Tuesday, February 16, 2016

Comic Book Review: Gotham By Midnight #9



Gotham By Midnight #9, DC Comics, cover-dated November 2015.

“The Truth,” by Ray Fawkes, with art by Juan Ferreyra. Cover by Bill Sienkiewicz.
Internal Affairs drags in the members of The Midnight Shift for interrogation and gathers evidence from their station house. They have been in trouble before, fighting demons and ghosts. But this may just be the enemy that can actually destroy the team.
Detectives Jim Corrigan and Lisa Drake are questioned separately and both remain stubborn. Neither will turn on the other. At the same time, Dr. Tarr has made a critical discovery about the black flowers that have been a constant throughout the issues. He believes they are a language, containing certain rules and rhythms that are trying to communicate.
Back in the interview rooms, out heroes start to crack. Corrigan is growing frustrated, and Drake collapses as a response. Her powers tell her what’s coming and she tries to warn her interrogators. “Evacuate. The. Building.”
The case laid out by the IA officers makes sense, from their perspective. And they are not … totally wrong. He tries to explain The Spectre and his relationship to the being, and they respond with questions. Good questions. Like why doesn’t he just go and wipe out Arkham?
Corrigan slumps. “I don’t know. It’s God’s choice.

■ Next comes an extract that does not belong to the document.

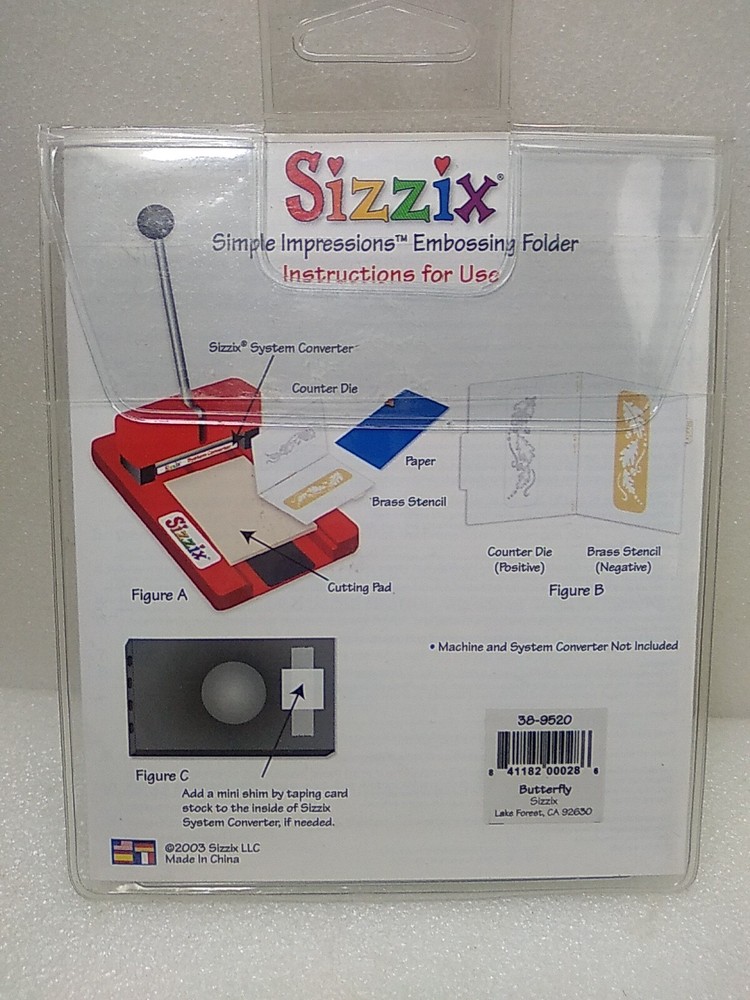 x9) Sizzix ~ Simple Impressions ~ Embossing Folder ~ See Description For Details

I have no control.”
But IA believes he does control the power, that he is morally and legally responsible for the deaths that come in the Spectre’s wake. And when they threaten him with the possibility of Drake taking the fall for the murders if Corrigan doesn’t, that is the last straw. The Spectre appears in the small room, and seems to agree with the officers that Corrigan is as much in control of his actions as God is. And when the spirit of vengeance departs, Corrigan is left alone, in a room covered in the blood of his eviscerated interrogators.
This is a terrific issue. And we are left with a range of cliffhangers, from the situation that Corrigan is in, to Doctor Tarr’s discovery, to the relationship of the Spectre to Corrigan.
Juan Ferreyra successfully portrays Corrigan as a man becoming more and more rattled throughout the issue, more and more angry. And the looks on his face in the last few pages are remarkable: confusion, horror, doubt, shock. All are there on his face.
And all those emotions were mine as I read this.